The expected answer is the set of lines in the data below between the line holding "Combined surgery" and the line holding "Complex Membrane Peel", inclusive, written out exactly.

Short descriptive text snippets
┌────────

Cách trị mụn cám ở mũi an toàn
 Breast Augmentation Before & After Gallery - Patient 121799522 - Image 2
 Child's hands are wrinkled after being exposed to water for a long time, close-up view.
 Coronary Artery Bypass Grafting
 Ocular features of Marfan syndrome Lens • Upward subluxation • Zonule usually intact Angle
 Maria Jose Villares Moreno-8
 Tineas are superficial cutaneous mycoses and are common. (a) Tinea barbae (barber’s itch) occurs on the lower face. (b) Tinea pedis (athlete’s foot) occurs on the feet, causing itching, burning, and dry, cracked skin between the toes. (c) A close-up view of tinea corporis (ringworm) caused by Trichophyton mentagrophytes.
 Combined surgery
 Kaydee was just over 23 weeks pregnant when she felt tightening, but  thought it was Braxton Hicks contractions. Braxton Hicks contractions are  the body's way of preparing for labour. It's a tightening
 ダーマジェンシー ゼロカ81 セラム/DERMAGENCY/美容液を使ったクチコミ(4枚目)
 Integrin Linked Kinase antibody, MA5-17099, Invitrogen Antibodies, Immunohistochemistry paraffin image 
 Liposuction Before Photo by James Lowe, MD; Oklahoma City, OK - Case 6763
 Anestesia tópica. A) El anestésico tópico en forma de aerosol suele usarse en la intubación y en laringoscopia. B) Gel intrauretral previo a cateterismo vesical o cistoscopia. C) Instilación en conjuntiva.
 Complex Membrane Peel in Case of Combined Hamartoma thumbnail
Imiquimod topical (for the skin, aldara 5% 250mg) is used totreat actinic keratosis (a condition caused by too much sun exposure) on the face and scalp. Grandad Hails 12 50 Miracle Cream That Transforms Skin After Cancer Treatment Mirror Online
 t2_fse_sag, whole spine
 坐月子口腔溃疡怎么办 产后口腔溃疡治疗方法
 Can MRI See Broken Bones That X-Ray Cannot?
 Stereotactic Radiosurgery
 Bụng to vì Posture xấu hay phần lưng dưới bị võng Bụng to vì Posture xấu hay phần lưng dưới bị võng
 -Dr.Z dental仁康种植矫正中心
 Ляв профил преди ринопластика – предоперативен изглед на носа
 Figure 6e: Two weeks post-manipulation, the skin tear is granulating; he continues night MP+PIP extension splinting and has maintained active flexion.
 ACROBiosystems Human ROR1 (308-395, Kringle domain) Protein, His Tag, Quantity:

└────────

_Task answer:_
 Combined surgery
 Kaydee was just over 23 weeks pregnant when she felt tightening, but  thought it was Braxton Hicks contractions. Braxton Hicks contractions are  the body's way of preparing for labour. It's a tightening
 ダーマジェンシー ゼロカ81 セラム/DERMAGENCY/美容液を使ったクチコミ(4枚目)
 Integrin Linked Kinase antibody, MA5-17099, Invitrogen Antibodies, Immunohistochemistry paraffin image 
 Liposuction Before Photo by James Lowe, MD; Oklahoma City, OK - Case 6763
 Anestesia tópica. A) El anestésico tópico en forma de aerosol suele usarse en la intubación y en laringoscopia. B) Gel intrauretral previo a cateterismo vesical o cistoscopia. C) Instilación en conjuntiva.
 Complex Membrane Peel in Case of Combined Hamartoma thumbnail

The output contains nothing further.